[Captioned web image data]

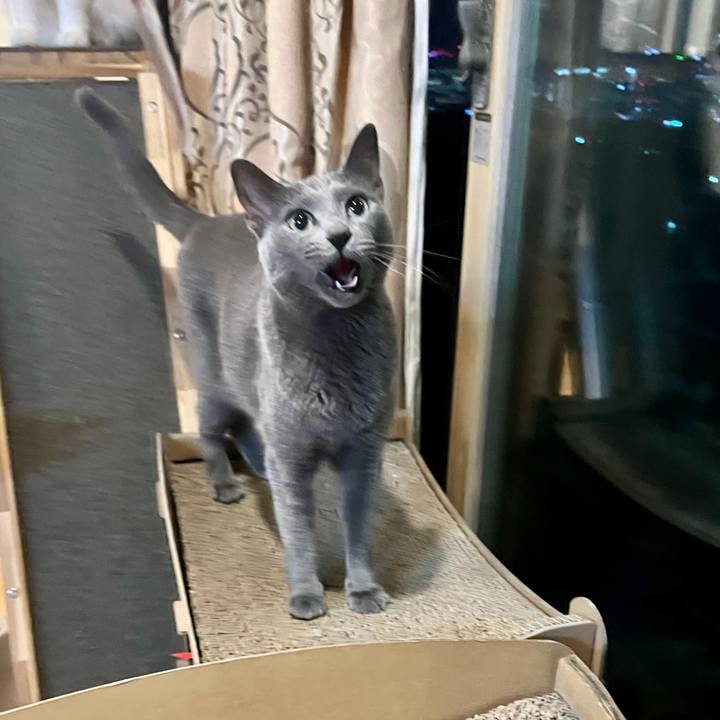 3396daf5 d0a1 4939 b7ff 66158625033f 1667616385454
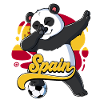 Spain Football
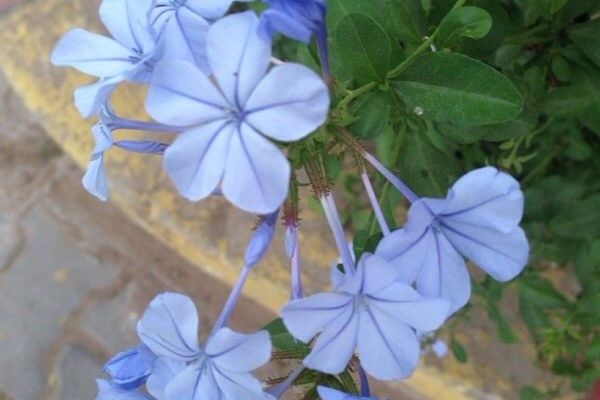 Plumbago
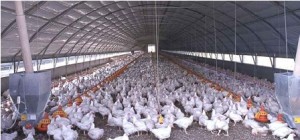 allevamento di polli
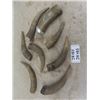 Image 1 : 7 Old Bull Horns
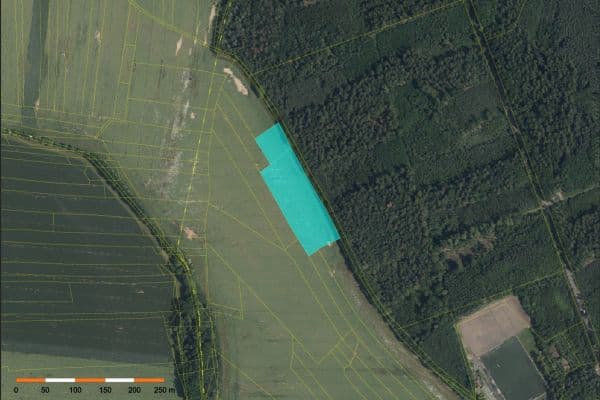 Prodej pozemku 2.168 m², Kostelec nad Černými lesy Prodej pozemku 2.168 m², Kostelec nad Černými lesy
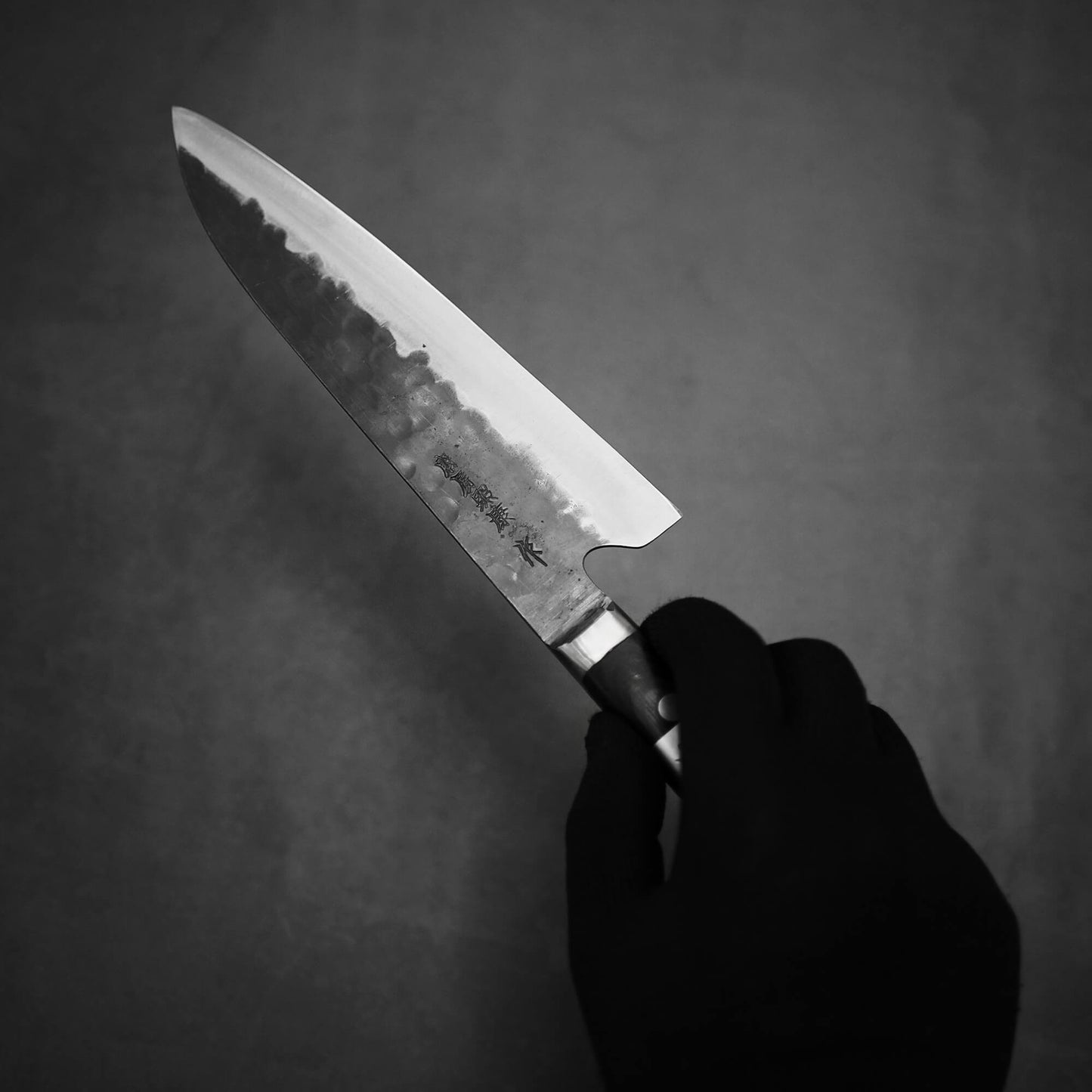 Teruyasu Fujiwara Denka gyuto 180mm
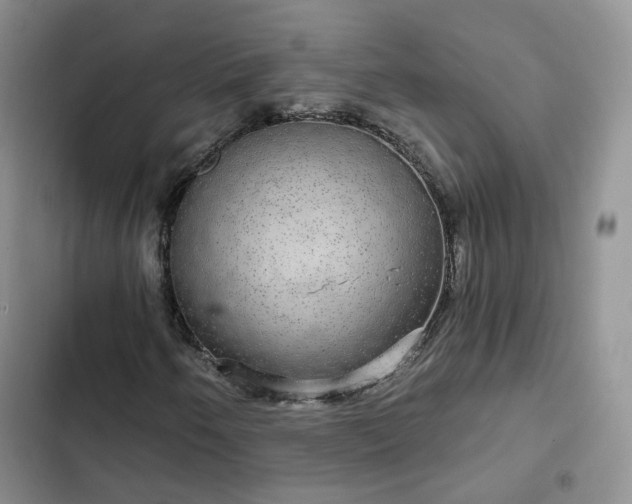 X0000102771250200808251044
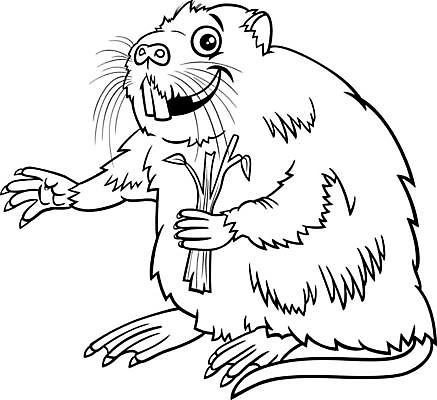 EPS 해외이미지 클립아트 동물 캐릭터 디자인 야생동물 일러스트 포유류 발 수염 동물원 종류 앉기 그래픽 책 검은색 흰색 유머 만화 그림 꼬리 페이지 마스코트 색칠공부 해외일러스트 일러캐릭터 감정 컬러 모션 신체부위 학습 색칠 파일형식 벡터 이미지허브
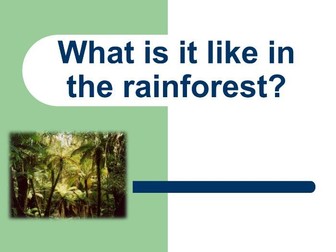 Tropical Rainforests Introduction and Layers Lesson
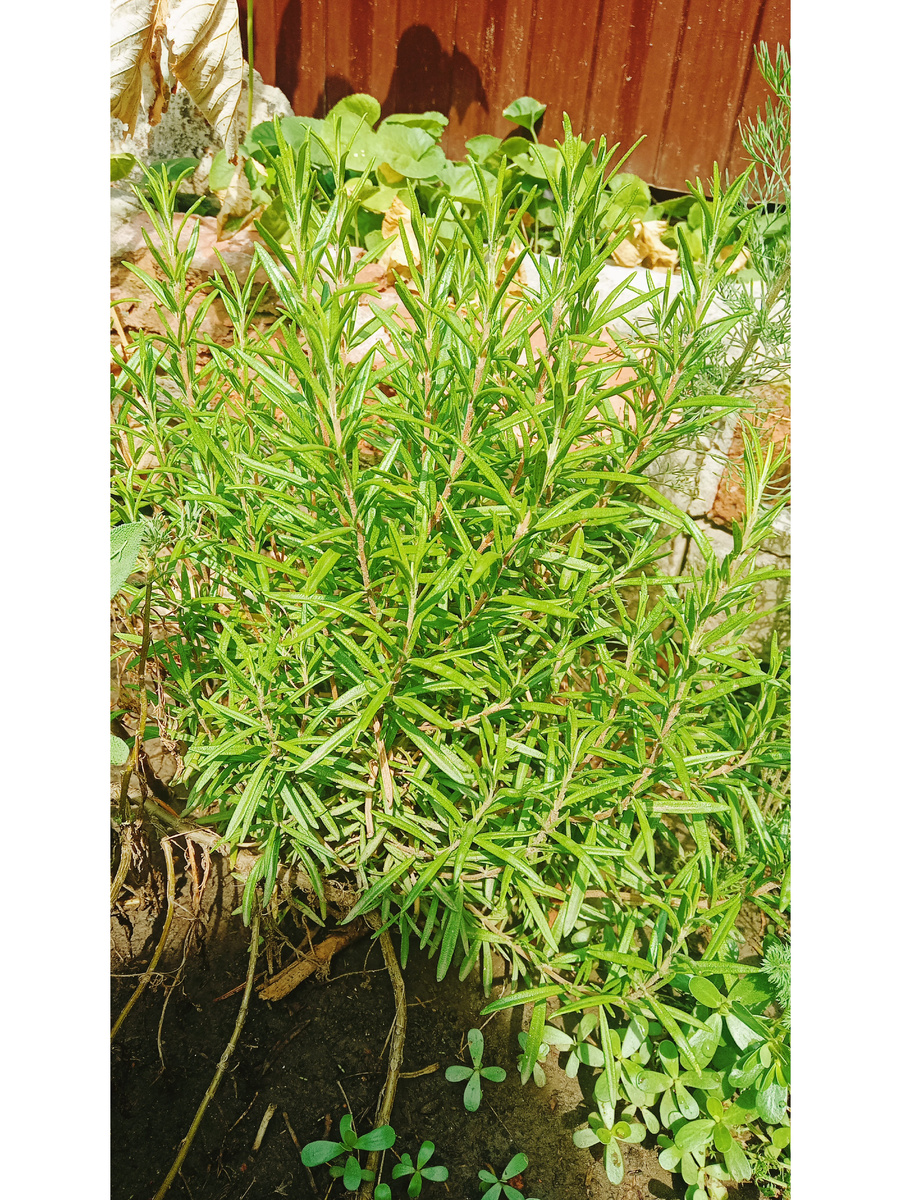 Розмарин 20.07.2025/фото автора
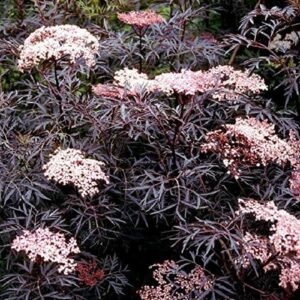 Sambucus Nigra 'Black Lace' Perennial Shrub 90mm Pot Plants Pack x3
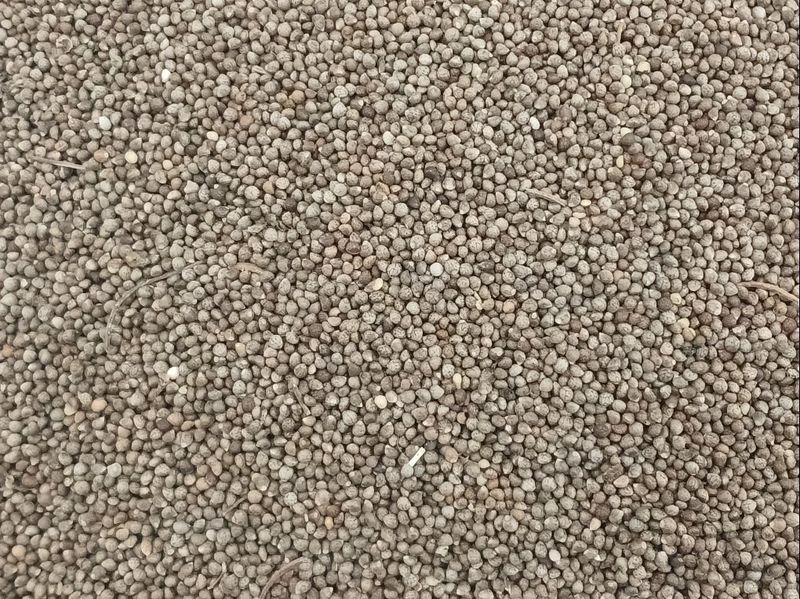 장터 상품 [들깨 6kg 판매 ] 썸네일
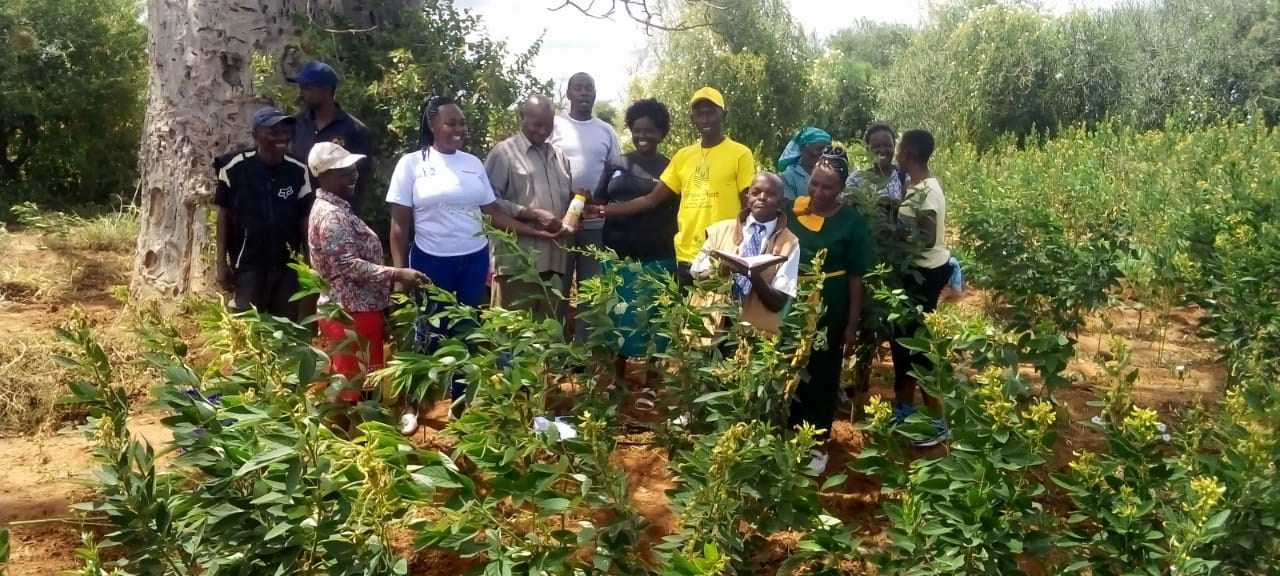 Grow Peat Organic Farming Training Crops and Sustainable Agriculture. Boost Plant Growth with Organic Fertilizers: Our Effective Solution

— Exercise prompt —
With the pictures left out, copy exactly the lines from the line holding "X0000102771250200808251044" through the final line of the records, including both.

— Solution for this exercise —
 X0000102771250200808251044
 EPS 해외이미지 클립아트 동물 캐릭터 디자인 야생동물 일러스트 포유류 발 수염 동물원 종류 앉기 그래픽 책 검은색 흰색 유머 만화 그림 꼬리 페이지 마스코트 색칠공부 해외일러스트 일러캐릭터 감정 컬러 모션 신체부위 학습 색칠 파일형식 벡터 이미지허브
 Tropical Rainforests Introduction and Layers Lesson
 Розмарин 20.07.2025/фото автора
 Sambucus Nigra 'Black Lace' Perennial Shrub 90mm Pot Plants Pack x3
 장터 상품 [들깨 6kg 판매 ] 썸네일
 Grow Peat Organic Farming Training Crops and Sustainable Agriculture. Boost Plant Growth with Organic Fertilizers: Our Effective Solution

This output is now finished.